_EXERCISE DIRECTIONS_
When the line with "50-web-or-mls-230-w-morten-ave" appears below, start repeating lines exactly, and keep going through the line with "Mercedes-Benz CLA-Class 2017"; add nothing outside that span.

------ RECORDED DATA

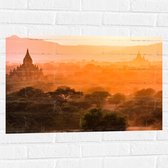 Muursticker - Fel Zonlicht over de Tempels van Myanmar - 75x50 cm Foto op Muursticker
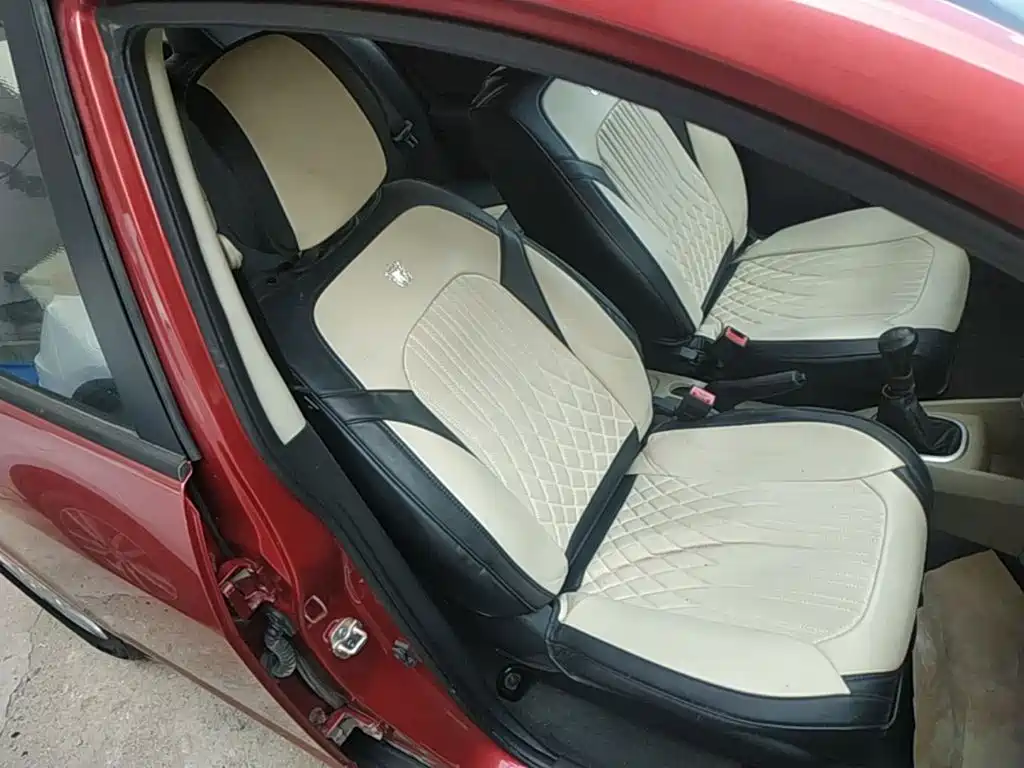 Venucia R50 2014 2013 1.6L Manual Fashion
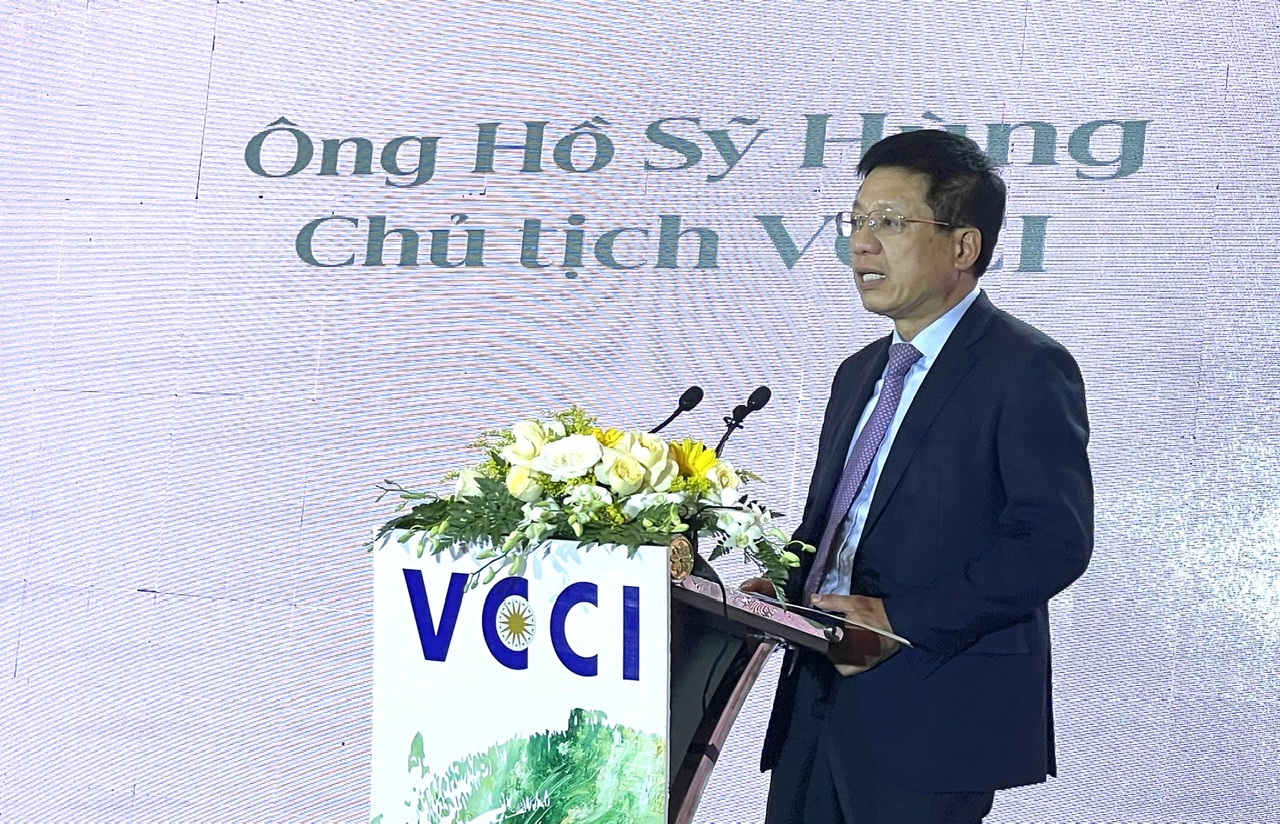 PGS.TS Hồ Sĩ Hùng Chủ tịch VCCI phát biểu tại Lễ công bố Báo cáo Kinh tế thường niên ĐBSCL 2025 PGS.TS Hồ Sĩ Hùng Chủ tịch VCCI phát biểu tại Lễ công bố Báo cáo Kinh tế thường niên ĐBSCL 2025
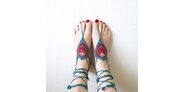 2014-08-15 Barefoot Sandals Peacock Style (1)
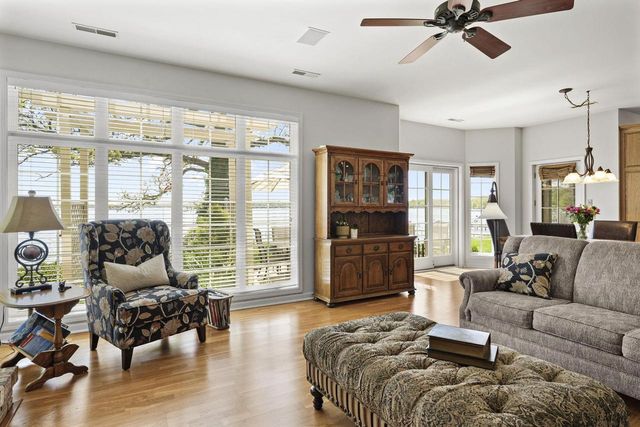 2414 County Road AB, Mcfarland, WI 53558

------------
------ RECORDED DATA

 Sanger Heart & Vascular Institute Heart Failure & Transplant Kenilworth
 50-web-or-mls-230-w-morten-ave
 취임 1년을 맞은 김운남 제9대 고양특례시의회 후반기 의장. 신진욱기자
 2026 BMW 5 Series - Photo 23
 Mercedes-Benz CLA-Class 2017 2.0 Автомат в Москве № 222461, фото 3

------------

_SOLUTION TO THE EXERCISE_
 50-web-or-mls-230-w-morten-ave
 취임 1년을 맞은 김운남 제9대 고양특례시의회 후반기 의장. 신진욱기자
 2026 BMW 5 Series - Photo 23
 Mercedes-Benz CLA-Class 2017 2.0 Автомат в Москве № 222461, фото 3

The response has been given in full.